The sense that Russia - and more specifically its president, Vladimir Putin - were the big winners in the 2016 U.S. presidential election is only enhanced by the indictment of 13 Russians handed down by special counsel Robert Mueller last week. These bad actors and a Russian Internet troll farm - none of which are likely to ever see the inside of a U.S. courtroom - undertook an array of nefarious and fraudulent practices to "sow discord" in the United States and "spread distrust towards the candidates and the political system in general."
The operation was a success, regardless of its substantive impact on the outcome of the election.
Deputy Attorney General Rod Rosenstein noted last week that "There is no allegation in the indictment that the charged conduct altered the outcome of the 2016 election." OK. But there's really no way to know that - how can you measure the impact of discord and distrust on hearts and minds? In any case, swaying the election one way or another was not a requirement for this asymmetric psy-op to earn a few trolls a medal or two. All the Russians had to do to make Uncle Vova smile that oily, predatory smile was to roil the American waters.
And roiled they are... severely.
The indictment is both good and bad for Donald Trump. On the good side, the indictment offers no indication that there was collusion between his campaign and Russian actors.
"There is no allegation in this indictment that any American was a knowing participant in this illegal activity," Rosenstein said.
All "real U.S. persons" who interacted with Russian provocateurs did so as "unwittingly" as Warren Zevon in his choice of waitress companions. How were they to know?
There may be another shoe yet to drop, but this indictment provides no fuel to the collusion narrative.
On the other hand, Trump's persistent complaints that the whole Russia investigation is a "hoax" or "fake news" are no longer sustainable, even for his most ardent supporters.

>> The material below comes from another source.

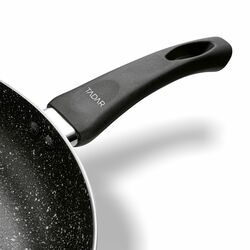 Patelnia marmurkowa non-stick z pokrywką głęboka Tadar Marmara 28 cm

"Good or bad for Donald Trump" has always been the president's sole measuring stick, but that should not be the focus. Given that the Russian actions amount to "information warfare on America," there's something more significant at stake here. The president should act decisively to defend his country. Instead, he's pointing fingers at everybody but Russia and taunting Oprah Winfrey.
The great revelation of the Russia investigation so far is just how ripe the American electorate is for exploitation. There's a lot of anger out there, soaked in the rocket fuel of fear and resentment; it doesn't take much of a spark to make it go up in flames. Our fingers are itching on our keyboards, quick to fire off a killer meme or retweet an insult, but reluctant to drill down on issues, policies and candidates. We're all too credulous about "information" - accurate or not - that confirms and validates our biases and often too lazy to do our homework and draw our own conclusions.
We bunker up in our chosen media silos, unwilling to listen to another perspective and always ready to believe the worst about those who see things differently than we do. Friendships and family relationships fracture along political faultlines.
And Uncle Vova smiles.
Here in Sisters, we're still a small enough and tight-knit enough community that we can have real conversations with other "real U.S. persons." It takes a little work, and it can be a little intimidating stepping out of our echo-chamber and hearing something we may not like from somebody we do like. But that's the only antidote to the hostile bunker mentality we've allowed to take root in our country, which bad actors who mean us harm can and will - as this indictment shows - exploit.
So go have a cup of coffee with your neighbor who stands on the other side of the political fence. You may have more in common than you think - and you're sticking it to Uncle Vova just a little. Which can't be a bad thing.